**WHAT IS NEEDED**
The full set of entries, reproduced exactly, is the expected answer.

Dataset entries:
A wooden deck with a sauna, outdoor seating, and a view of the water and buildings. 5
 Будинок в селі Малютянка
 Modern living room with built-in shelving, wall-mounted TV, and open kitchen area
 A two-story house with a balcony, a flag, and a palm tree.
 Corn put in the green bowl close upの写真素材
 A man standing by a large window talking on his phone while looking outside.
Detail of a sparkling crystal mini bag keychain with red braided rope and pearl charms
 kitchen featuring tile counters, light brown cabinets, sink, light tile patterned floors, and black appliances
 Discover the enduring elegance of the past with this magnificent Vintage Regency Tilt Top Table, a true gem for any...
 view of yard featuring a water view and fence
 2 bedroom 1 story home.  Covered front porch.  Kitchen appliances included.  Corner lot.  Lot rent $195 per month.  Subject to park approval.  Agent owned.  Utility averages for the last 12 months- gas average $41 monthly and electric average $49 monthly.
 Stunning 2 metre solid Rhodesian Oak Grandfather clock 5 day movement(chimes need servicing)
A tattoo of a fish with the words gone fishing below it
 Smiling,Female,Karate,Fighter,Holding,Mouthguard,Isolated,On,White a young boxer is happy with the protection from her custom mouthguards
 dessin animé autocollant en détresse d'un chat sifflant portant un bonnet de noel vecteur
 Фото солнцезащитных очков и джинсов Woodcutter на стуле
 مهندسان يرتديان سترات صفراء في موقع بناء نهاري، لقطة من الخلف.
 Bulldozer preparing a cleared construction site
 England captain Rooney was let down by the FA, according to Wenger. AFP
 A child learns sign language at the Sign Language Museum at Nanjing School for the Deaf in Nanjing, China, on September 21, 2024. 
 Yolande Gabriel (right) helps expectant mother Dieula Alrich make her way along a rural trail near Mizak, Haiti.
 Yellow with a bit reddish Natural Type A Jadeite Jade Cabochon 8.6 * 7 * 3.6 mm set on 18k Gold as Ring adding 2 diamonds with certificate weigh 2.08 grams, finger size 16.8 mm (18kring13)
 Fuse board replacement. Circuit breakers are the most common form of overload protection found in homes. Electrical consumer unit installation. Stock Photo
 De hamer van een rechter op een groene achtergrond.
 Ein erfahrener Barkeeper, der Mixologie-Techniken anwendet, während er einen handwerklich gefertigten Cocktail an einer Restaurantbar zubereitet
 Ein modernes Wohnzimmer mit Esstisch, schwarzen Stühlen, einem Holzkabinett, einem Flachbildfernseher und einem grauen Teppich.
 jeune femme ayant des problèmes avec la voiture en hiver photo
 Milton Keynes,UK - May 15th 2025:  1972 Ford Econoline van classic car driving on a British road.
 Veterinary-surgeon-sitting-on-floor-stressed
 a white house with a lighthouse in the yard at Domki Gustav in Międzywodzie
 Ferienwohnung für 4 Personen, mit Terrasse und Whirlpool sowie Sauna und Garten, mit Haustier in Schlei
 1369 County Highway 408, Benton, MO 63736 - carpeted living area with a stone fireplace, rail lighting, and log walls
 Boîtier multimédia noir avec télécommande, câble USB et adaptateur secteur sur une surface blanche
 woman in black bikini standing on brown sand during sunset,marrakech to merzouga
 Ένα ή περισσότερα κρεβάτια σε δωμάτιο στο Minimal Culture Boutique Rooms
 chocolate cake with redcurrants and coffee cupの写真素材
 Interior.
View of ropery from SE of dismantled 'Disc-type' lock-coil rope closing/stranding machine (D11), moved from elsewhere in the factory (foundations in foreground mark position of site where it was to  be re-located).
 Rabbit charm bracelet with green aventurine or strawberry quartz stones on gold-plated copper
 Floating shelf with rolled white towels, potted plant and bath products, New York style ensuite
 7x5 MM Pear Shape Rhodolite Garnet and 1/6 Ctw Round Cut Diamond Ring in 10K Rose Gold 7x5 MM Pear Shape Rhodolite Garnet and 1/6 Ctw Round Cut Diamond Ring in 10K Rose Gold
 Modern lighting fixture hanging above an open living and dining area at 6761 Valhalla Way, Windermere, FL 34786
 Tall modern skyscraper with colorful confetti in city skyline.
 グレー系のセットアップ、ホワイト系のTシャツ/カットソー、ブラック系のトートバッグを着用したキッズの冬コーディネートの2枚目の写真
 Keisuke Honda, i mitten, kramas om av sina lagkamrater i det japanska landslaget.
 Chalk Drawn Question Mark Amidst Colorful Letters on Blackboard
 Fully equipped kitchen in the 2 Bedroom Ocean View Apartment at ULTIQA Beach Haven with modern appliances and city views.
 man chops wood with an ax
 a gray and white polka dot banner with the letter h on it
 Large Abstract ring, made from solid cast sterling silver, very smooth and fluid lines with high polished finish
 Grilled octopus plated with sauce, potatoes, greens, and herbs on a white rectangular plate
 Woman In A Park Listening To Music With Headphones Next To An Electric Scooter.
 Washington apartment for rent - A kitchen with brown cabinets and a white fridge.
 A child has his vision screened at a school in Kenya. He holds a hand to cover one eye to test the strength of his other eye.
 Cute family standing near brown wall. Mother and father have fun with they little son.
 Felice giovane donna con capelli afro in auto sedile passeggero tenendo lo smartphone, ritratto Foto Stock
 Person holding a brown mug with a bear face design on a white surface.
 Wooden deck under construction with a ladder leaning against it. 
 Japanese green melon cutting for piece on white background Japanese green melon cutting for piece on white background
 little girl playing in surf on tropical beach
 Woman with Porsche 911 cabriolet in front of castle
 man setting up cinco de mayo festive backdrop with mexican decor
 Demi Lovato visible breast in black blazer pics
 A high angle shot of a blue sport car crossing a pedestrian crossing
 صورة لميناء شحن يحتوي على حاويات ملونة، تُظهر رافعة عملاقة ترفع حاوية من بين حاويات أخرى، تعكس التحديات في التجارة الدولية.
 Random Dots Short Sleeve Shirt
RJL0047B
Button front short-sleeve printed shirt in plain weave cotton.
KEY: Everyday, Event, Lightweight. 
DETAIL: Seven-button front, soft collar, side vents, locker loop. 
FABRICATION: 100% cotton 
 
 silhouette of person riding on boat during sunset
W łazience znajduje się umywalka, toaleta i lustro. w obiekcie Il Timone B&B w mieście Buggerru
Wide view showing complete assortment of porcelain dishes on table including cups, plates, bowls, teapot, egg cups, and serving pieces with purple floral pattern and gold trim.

**RESULT OF THE TASK**
A wooden deck with a sauna, outdoor seating, and a view of the water and buildings. 5
 Будинок в селі Малютянка
 Modern living room with built-in shelving, wall-mounted TV, and open kitchen area
 A two-story house with a balcony, a flag, and a palm tree.
 Corn put in the green bowl close upの写真素材
 A man standing by a large window talking on his phone while looking outside.
Detail of a sparkling crystal mini bag keychain with red braided rope and pearl charms
 kitchen featuring tile counters, light brown cabinets, sink, light tile patterned floors, and black appliances
 Discover the enduring elegance of the past with this magnificent Vintage Regency Tilt Top Table, a true gem for any...
 view of yard featuring a water view and fence
 2 bedroom 1 story home.  Covered front porch.  Kitchen appliances included.  Corner lot.  Lot rent $195 per month.  Subject to park approval.  Agent owned.  Utility averages for the last 12 months- gas average $41 monthly and electric average $49 monthly.
 Stunning 2 metre solid Rhodesian Oak Grandfather clock 5 day movement(chimes need servicing)
A tattoo of a fish with the words gone fishing below it
 Smiling,Female,Karate,Fighter,Holding,Mouthguard,Isolated,On,White a young boxer is happy with the protection from her custom mouthguards
 dessin animé autocollant en détresse d'un chat sifflant portant un bonnet de noel vecteur
 Фото солнцезащитных очков и джинсов Woodcutter на стуле
 مهندسان يرتديان سترات صفراء في موقع بناء نهاري، لقطة من الخلف.
 Bulldozer preparing a cleared construction site
 England captain Rooney was let down by the FA, according to Wenger. AFP
 A child learns sign language at the Sign Language Museum at Nanjing School for the Deaf in Nanjing, China, on September 21, 2024. 
 Yolande Gabriel (right) helps expectant mother Dieula Alrich make her way along a rural trail near Mizak, Haiti.
 Yellow with a bit reddish Natural Type A Jadeite Jade Cabochon 8.6 * 7 * 3.6 mm set on 18k Gold as Ring adding 2 diamonds with certificate weigh 2.08 grams, finger size 16.8 mm (18kring13)
 Fuse board replacement. Circuit breakers are the most common form of overload protection found in homes. Electrical consumer unit installation. Stock Photo
 De hamer van een rechter op een groene achtergrond.
 Ein erfahrener Barkeeper, der Mixologie-Techniken anwendet, während er einen handwerklich gefertigten Cocktail an einer Restaurantbar zubereitet
 Ein modernes Wohnzimmer mit Esstisch, schwarzen Stühlen, einem Holzkabinett, einem Flachbildfernseher und einem grauen Teppich.
 jeune femme ayant des problèmes avec la voiture en hiver photo
 Milton Keynes,UK - May 15th 2025:  1972 Ford Econoline van classic car driving on a British road.
 Veterinary-surgeon-sitting-on-floor-stressed
 a white house with a lighthouse in the yard at Domki Gustav in Międzywodzie
 Ferienwohnung für 4 Personen, mit Terrasse und Whirlpool sowie Sauna und Garten, mit Haustier in Schlei
 1369 County Highway 408, Benton, MO 63736 - carpeted living area with a stone fireplace, rail lighting, and log walls
 Boîtier multimédia noir avec télécommande, câble USB et adaptateur secteur sur une surface blanche
 woman in black bikini standing on brown sand during sunset,marrakech to merzouga
 Ένα ή περισσότερα κρεβάτια σε δωμάτιο στο Minimal Culture Boutique Rooms
 chocolate cake with redcurrants and coffee cupの写真素材
 Interior.
View of ropery from SE of dismantled 'Disc-type' lock-coil rope closing/stranding machine (D11), moved from elsewhere in the factory (foundations in foreground mark position of site where it was to  be re-located).
 Rabbit charm bracelet with green aventurine or strawberry quartz stones on gold-plated copper
 Floating shelf with rolled white towels, potted plant and bath products, New York style ensuite
 7x5 MM Pear Shape Rhodolite Garnet and 1/6 Ctw Round Cut Diamond Ring in 10K Rose Gold 7x5 MM Pear Shape Rhodolite Garnet and 1/6 Ctw Round Cut Diamond Ring in 10K Rose Gold
 Modern lighting fixture hanging above an open living and dining area at 6761 Valhalla Way, Windermere, FL 34786
 Tall modern skyscraper with colorful confetti in city skyline.
 グレー系のセットアップ、ホワイト系のTシャツ/カットソー、ブラック系のトートバッグを着用したキッズの冬コーディネートの2枚目の写真
 Keisuke Honda, i mitten, kramas om av sina lagkamrater i det japanska landslaget.
 Chalk Drawn Question Mark Amidst Colorful Letters on Blackboard
 Fully equipped kitchen in the 2 Bedroom Ocean View Apartment at ULTIQA Beach Haven with modern appliances and city views.
 man chops wood with an ax
 a gray and white polka dot banner with the letter h on it
 Large Abstract ring, made from solid cast sterling silver, very smooth and fluid lines with high polished finish
 Grilled octopus plated with sauce, potatoes, greens, and herbs on a white rectangular plate
 Woman In A Park Listening To Music With Headphones Next To An Electric Scooter.
 Washington apartment for rent - A kitchen with brown cabinets and a white fridge.
 A child has his vision screened at a school in Kenya. He holds a hand to cover one eye to test the strength of his other eye.
 Cute family standing near brown wall. Mother and father have fun with they little son.
 Felice giovane donna con capelli afro in auto sedile passeggero tenendo lo smartphone, ritratto Foto Stock
 Person holding a brown mug with a bear face design on a white surface.
 Wooden deck under construction with a ladder leaning against it. 
 Japanese green melon cutting for piece on white background Japanese green melon cutting for piece on white background
 little girl playing in surf on tropical beach
 Woman with Porsche 911 cabriolet in front of castle
 man setting up cinco de mayo festive backdrop with mexican decor
 Demi Lovato visible breast in black blazer pics
 A high angle shot of a blue sport car crossing a pedestrian crossing
 صورة لميناء شحن يحتوي على حاويات ملونة، تُظهر رافعة عملاقة ترفع حاوية من بين حاويات أخرى، تعكس التحديات في التجارة الدولية.
 Random Dots Short Sleeve Shirt
RJL0047B
Button front short-sleeve printed shirt in plain weave cotton.
KEY: Everyday, Event, Lightweight. 
DETAIL: Seven-button front, soft collar, side vents, locker loop. 
FABRICATION: 100% cotton 
 
 silhouette of person riding on boat during sunset
W łazience znajduje się umywalka, toaleta i lustro. w obiekcie Il Timone B&B w mieście Buggerru
Wide view showing complete assortment of porcelain dishes on table including cups, plates, bowls, teapot, egg cups, and serving pieces with purple floral pattern and gold trim.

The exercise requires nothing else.